MARJAH, Afghanistan --
Marine engineers are hard at work in Afghanistan repairing roads in Marjah to make it easier and safer for Marines and Afghans to travel through Helmand province.
Marines with 9th Engineer Support Battalion, 1st Marine Logistics Group (Forward), who touched down in Afghanistan in May, spearheaded a route-repairing mission that began, May 23.
For their most recent project, dubbed “Route Marcie,” they filled potholes and resurfaced the road, improving trafficability for Afghans and coalition forces.
“The mission 9th ESB has been tasked with is to conduct route repair to some of the more heavily traveled roads around Marjah,” said Gunnery Sgt. Aaron Boone, staff non-commissioned officer in charge of the Route Marcie project, 9th ESB, 1st MLG (FWD). “Right now we’re working on Marcie as it’s a heavily-traveled road. It has bazaars, and a lot of local nationals live off of this road,” said Boone.

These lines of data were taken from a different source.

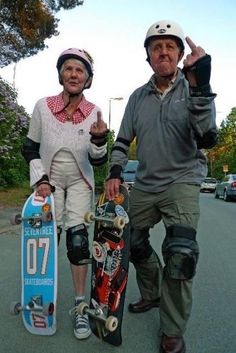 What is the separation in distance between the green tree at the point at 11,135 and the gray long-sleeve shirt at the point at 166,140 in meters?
7.40

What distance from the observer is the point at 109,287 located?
300 cm

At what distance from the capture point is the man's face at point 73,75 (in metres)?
3.35

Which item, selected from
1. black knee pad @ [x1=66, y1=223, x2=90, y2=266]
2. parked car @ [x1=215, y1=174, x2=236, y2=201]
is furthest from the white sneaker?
parked car @ [x1=215, y1=174, x2=236, y2=201]

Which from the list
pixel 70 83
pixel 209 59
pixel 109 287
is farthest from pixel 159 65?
pixel 109 287

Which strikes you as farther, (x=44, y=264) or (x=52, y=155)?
(x=52, y=155)

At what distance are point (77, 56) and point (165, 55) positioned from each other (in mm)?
714

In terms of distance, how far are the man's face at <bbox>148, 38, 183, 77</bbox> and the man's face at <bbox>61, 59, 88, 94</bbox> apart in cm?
59

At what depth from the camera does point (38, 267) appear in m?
3.17

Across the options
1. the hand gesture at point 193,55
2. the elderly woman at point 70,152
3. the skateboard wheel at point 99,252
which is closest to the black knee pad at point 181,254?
the skateboard wheel at point 99,252

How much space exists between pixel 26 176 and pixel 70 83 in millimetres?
16086

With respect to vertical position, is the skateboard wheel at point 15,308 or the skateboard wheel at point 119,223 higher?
the skateboard wheel at point 119,223

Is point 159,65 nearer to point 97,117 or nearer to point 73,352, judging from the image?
point 97,117

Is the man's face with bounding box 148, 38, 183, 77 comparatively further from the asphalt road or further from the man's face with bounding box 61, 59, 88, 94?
the asphalt road

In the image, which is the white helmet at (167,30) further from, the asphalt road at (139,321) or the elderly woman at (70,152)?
the asphalt road at (139,321) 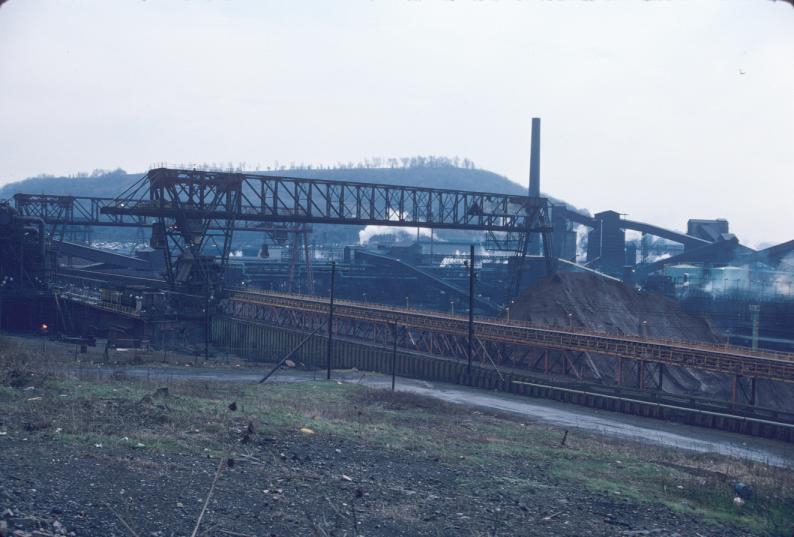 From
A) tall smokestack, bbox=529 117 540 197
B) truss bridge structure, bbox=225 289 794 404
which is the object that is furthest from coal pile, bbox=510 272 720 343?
tall smokestack, bbox=529 117 540 197

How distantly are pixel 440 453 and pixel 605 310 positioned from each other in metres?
39.1

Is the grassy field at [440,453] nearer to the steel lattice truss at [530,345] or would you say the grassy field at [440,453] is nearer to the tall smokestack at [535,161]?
the steel lattice truss at [530,345]

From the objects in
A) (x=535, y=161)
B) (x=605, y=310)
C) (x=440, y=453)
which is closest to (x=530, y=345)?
(x=605, y=310)

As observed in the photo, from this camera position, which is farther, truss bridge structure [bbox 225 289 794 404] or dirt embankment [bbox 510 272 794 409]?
dirt embankment [bbox 510 272 794 409]

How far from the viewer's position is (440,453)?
16.3 metres

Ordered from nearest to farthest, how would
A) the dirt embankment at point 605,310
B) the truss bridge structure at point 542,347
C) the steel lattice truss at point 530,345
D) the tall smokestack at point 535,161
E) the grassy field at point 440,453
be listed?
the grassy field at point 440,453 < the truss bridge structure at point 542,347 < the steel lattice truss at point 530,345 < the dirt embankment at point 605,310 < the tall smokestack at point 535,161

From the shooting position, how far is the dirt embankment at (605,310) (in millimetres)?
50906

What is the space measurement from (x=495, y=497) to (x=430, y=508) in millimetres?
1490

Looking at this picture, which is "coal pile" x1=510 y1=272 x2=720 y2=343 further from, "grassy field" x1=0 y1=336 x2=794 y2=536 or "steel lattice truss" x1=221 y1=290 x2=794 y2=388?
"grassy field" x1=0 y1=336 x2=794 y2=536

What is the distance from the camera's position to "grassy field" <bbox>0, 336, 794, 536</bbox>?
487 inches

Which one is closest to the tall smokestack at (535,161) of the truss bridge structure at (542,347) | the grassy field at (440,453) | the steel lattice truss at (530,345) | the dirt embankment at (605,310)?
the dirt embankment at (605,310)

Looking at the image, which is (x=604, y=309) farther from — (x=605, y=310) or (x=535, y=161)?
(x=535, y=161)

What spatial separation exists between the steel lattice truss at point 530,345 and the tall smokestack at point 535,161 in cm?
4082

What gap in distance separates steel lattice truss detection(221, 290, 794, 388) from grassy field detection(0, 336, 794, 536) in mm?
10871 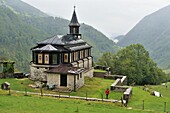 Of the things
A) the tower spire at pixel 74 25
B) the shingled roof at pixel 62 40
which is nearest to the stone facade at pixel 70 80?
the shingled roof at pixel 62 40

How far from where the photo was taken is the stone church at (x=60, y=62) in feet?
117

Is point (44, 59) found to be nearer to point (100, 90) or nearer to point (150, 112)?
point (100, 90)

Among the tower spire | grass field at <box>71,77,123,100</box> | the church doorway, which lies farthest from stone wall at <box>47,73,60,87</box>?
the tower spire

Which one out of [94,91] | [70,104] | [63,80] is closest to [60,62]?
[63,80]

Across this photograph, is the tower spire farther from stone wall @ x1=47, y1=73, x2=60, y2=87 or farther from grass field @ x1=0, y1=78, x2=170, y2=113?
grass field @ x1=0, y1=78, x2=170, y2=113

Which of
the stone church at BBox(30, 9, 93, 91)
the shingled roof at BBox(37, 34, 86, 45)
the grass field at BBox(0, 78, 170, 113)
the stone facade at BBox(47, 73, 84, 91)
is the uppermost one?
the shingled roof at BBox(37, 34, 86, 45)

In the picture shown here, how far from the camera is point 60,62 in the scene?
133ft

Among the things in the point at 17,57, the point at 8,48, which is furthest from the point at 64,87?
the point at 8,48

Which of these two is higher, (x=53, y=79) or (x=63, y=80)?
(x=53, y=79)

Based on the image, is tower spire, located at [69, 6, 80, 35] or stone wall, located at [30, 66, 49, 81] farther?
tower spire, located at [69, 6, 80, 35]

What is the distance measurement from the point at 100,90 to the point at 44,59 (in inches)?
400

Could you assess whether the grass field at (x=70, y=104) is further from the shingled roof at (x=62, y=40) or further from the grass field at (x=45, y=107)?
the shingled roof at (x=62, y=40)

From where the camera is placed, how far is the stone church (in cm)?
3578

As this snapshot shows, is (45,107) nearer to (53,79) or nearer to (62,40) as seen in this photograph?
(53,79) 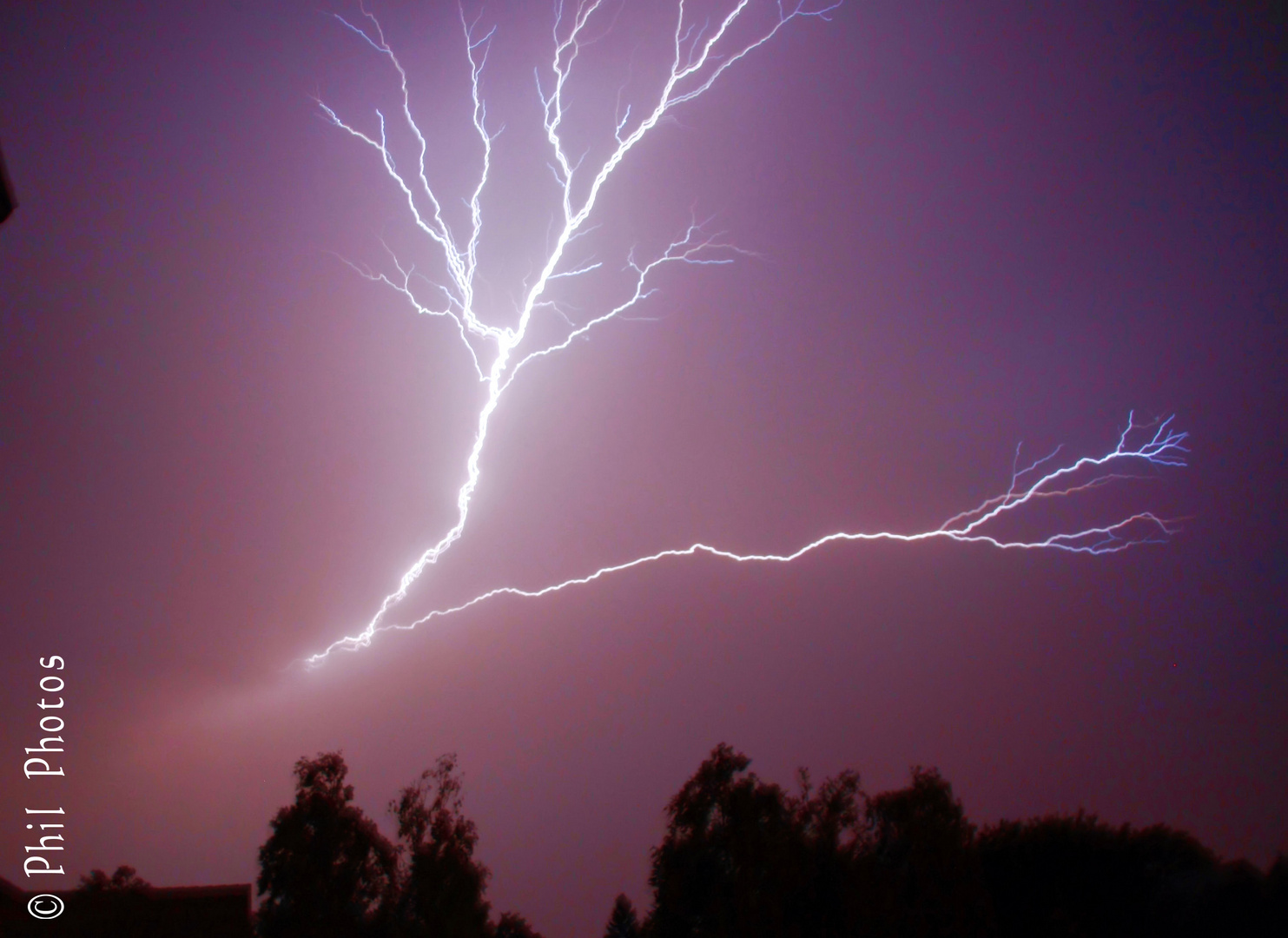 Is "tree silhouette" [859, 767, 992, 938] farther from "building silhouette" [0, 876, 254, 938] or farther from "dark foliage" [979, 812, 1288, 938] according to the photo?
"building silhouette" [0, 876, 254, 938]

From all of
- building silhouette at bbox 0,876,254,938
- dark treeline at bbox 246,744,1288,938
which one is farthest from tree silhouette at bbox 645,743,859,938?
building silhouette at bbox 0,876,254,938

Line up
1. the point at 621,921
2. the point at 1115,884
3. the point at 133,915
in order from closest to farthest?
the point at 133,915, the point at 1115,884, the point at 621,921

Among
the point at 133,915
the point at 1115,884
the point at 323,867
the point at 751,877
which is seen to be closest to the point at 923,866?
the point at 751,877

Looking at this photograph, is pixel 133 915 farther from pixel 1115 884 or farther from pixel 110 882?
pixel 1115 884

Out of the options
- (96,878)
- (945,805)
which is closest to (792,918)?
(945,805)

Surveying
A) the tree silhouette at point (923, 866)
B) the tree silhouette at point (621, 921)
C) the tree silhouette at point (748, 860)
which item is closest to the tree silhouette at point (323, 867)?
the tree silhouette at point (748, 860)

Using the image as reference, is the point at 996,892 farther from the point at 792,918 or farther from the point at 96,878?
the point at 96,878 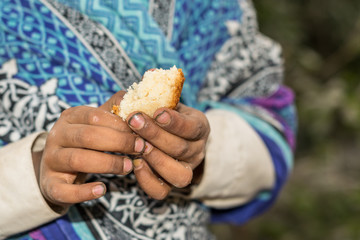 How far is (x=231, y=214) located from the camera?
79 centimetres

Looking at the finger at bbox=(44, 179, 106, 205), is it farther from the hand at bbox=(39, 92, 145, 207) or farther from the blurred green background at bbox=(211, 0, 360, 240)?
the blurred green background at bbox=(211, 0, 360, 240)

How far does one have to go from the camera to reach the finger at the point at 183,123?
0.36 meters

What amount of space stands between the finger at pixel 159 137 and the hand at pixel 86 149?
0.01 meters

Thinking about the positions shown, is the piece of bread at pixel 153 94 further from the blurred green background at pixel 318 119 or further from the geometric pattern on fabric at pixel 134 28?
the blurred green background at pixel 318 119

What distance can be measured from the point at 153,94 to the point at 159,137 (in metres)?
0.05

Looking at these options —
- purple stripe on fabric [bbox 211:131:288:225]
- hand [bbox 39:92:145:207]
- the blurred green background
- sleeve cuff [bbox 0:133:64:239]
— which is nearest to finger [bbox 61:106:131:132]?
hand [bbox 39:92:145:207]

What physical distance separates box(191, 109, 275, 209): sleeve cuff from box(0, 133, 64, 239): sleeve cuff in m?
0.21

First, the Marines used a bulldozer to cut and push the uneven portion of the road away and create an even surface. Afterward, they laid down gravel. The Marines were able to accomplish their mission, even when presented with challenges.
“The process has been going really well,” said Chief Warrant Officer Matthew Lovely, officer in charge of the Route Marcie project, 9th ESB, 1st MLG (Fwd). “The hardest part about it is it’s a very narrow area, we don’t have a lot of room to maneuver.”
The Marines worked on the road strictly at night so as to not impede the Afghans’ movement. During the day the road is buzzing with locals purchasing items from the bazaar.
Many local Afghans appeared to be excited and receptive of the Marines’ road-repairing efforts, pointing to the ground, making leveling gestures and giving a thumbs up signal as Marines worked in the area, a Marine heavy equipment operator reported, according to Lt. Col. Ted Adams, commanding officer of 9th ESB.
Road repair projects like this are a “win-win,” said Adams. They reduce the threat of IEDs, increase mobility for friendly forces, demonstrate the government’s capacity to improve infrastructure and improve the economic potential for many Afghans.
“That’s why we say: ‘Afghanistan: Where life is only as good as the road you live on,’” said Adams.
Road improvements for “Route Marcie” are scheduled to be completed by the end of the week.